The chances of winning a criminal appeal in California are low. Only about 20 percent of criminal appeals are successful. But the odds of success are much greater if there were errors of law and procedure at trial significant enough to have affected the outcome of the case.
A guilty verdict and conviction in court is not necessarily the end of the road.
California’s appellate process allows you to appeal a criminal conviction or trial court decision. Sometimes this can open the door for a new trial and a second chance at acquittal.
But what are the chances of winning a California criminal appeal?
Obviously, of course, much depends on the facts and circumstances of the case. But a lot, too, rides on the skill and strategy of the attorney handling the appeal.
In the article below, our appellate lawyers1 will discuss the factors that can increase the odds of a successful appeal…

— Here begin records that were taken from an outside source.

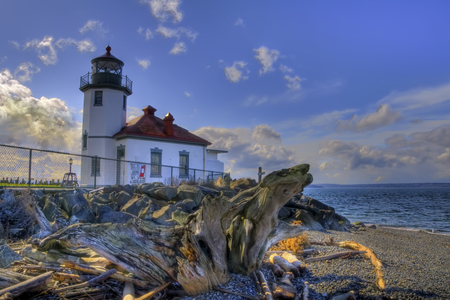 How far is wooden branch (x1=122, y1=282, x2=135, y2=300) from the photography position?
3.64 meters

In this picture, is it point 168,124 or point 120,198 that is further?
point 168,124

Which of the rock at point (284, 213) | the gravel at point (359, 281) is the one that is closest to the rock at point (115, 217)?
the gravel at point (359, 281)

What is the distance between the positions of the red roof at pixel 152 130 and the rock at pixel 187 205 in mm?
11680

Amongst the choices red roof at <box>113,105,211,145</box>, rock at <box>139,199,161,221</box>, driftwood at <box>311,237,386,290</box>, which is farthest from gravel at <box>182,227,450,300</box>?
red roof at <box>113,105,211,145</box>

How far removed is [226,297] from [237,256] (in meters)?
0.78

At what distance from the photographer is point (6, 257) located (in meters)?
4.64

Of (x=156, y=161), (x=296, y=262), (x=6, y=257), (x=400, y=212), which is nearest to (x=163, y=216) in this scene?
(x=6, y=257)

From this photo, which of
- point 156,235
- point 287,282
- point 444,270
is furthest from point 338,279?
point 444,270

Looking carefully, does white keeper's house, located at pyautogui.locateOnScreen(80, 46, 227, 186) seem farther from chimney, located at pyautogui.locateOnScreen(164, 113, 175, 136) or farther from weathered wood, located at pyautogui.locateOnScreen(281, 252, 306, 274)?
weathered wood, located at pyautogui.locateOnScreen(281, 252, 306, 274)

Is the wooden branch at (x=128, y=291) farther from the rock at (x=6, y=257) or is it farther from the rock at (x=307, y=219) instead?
the rock at (x=307, y=219)

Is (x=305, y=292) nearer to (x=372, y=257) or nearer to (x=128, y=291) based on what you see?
(x=128, y=291)

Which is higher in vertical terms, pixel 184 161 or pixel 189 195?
pixel 184 161

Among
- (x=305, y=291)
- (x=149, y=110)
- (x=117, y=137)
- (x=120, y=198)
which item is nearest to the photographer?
(x=305, y=291)

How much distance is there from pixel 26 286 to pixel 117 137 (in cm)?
1951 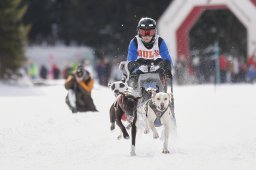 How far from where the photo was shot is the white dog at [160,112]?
1062cm

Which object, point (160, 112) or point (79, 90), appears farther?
point (79, 90)

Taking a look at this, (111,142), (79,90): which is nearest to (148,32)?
(111,142)

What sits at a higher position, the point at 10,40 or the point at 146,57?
the point at 10,40

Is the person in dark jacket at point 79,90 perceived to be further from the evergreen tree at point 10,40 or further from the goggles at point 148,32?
the evergreen tree at point 10,40

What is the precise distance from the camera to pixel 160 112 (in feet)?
35.2

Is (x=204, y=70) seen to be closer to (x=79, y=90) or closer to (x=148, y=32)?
(x=79, y=90)

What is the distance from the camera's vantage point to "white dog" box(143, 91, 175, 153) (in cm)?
1062

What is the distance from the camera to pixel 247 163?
951 centimetres

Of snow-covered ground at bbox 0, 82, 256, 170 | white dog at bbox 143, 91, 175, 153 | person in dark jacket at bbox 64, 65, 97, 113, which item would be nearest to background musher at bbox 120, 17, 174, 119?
white dog at bbox 143, 91, 175, 153

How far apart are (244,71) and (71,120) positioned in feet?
73.8

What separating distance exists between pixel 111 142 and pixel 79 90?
689cm

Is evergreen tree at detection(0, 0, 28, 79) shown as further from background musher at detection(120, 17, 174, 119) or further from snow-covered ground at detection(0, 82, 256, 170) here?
background musher at detection(120, 17, 174, 119)

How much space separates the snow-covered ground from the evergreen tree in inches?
699

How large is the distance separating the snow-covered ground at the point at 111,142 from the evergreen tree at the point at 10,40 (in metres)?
17.8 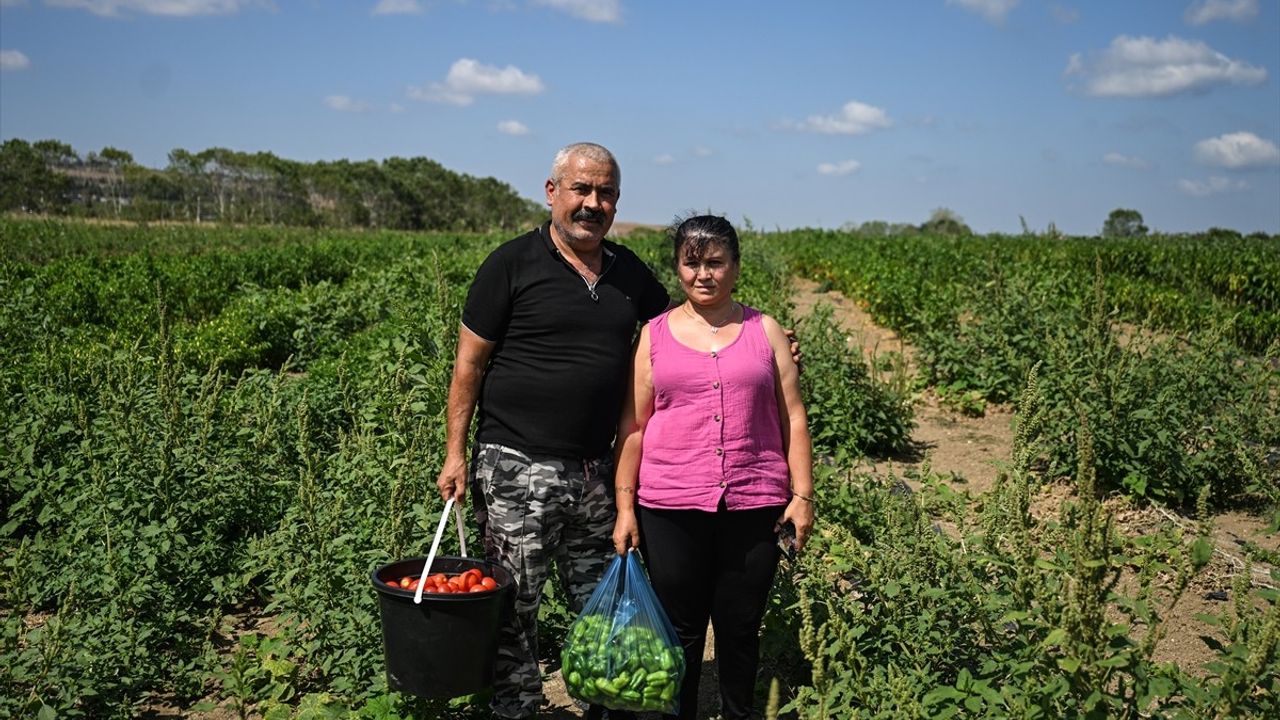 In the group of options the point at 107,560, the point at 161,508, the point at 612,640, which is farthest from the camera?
the point at 161,508

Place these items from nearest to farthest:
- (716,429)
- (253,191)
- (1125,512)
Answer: (716,429) < (1125,512) < (253,191)

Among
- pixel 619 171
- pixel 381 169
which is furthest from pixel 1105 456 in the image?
pixel 381 169

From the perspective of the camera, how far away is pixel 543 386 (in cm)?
320

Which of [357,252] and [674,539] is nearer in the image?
[674,539]

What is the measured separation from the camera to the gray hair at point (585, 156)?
3164 mm

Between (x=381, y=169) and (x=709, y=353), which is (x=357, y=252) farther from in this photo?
(x=381, y=169)

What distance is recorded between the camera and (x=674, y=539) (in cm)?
Result: 313

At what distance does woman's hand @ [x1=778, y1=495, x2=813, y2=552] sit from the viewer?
10.3 ft

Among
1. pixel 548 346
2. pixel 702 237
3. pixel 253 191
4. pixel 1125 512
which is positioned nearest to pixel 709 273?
pixel 702 237

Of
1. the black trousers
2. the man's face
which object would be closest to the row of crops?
the black trousers

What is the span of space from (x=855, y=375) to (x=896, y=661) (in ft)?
15.2

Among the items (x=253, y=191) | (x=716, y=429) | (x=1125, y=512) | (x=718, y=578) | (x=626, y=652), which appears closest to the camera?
(x=626, y=652)

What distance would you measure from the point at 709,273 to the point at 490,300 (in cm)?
71

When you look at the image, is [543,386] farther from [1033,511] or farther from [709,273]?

How does the criminal appeals process work in California?
Let’s start off by explaining some of the basics. Your conviction will not be overturned simply because you claim that
- you were unfairly convicted,
- the judge or jury had it in for you,
- the evidence against you was bogus, or
- you are innocent.
Your conviction will only be overturned if you can prove that a legal error occurred during (or prior to) the trial proceedings and the error contributed to an unjust conviction and/or sentence.
This is because an appeal is not a new trial or retrial of the case. An appeal is a request for a higher court (that is, an appellate court) to review a decision of a lower court (that is, the Superior Court, frequently referred to as the trial court). This means that the appellate court will not evaluate new evidence or determine whether or not you are guilty or innocent.
The only job of the appellate court is to decide (1) whether the trial court made a legal error and (2) if so, whether the result may have been different had the error not occurred.
So what are the types of legal errors that the appellate court will review?
What are the grounds on which to appeal a criminal conviction
The specific grounds on which you can appeal a California conviction vary case-by-case. But regardless of the facts of your particular case, the grounds must be based on a legal error as opposed to a factual error.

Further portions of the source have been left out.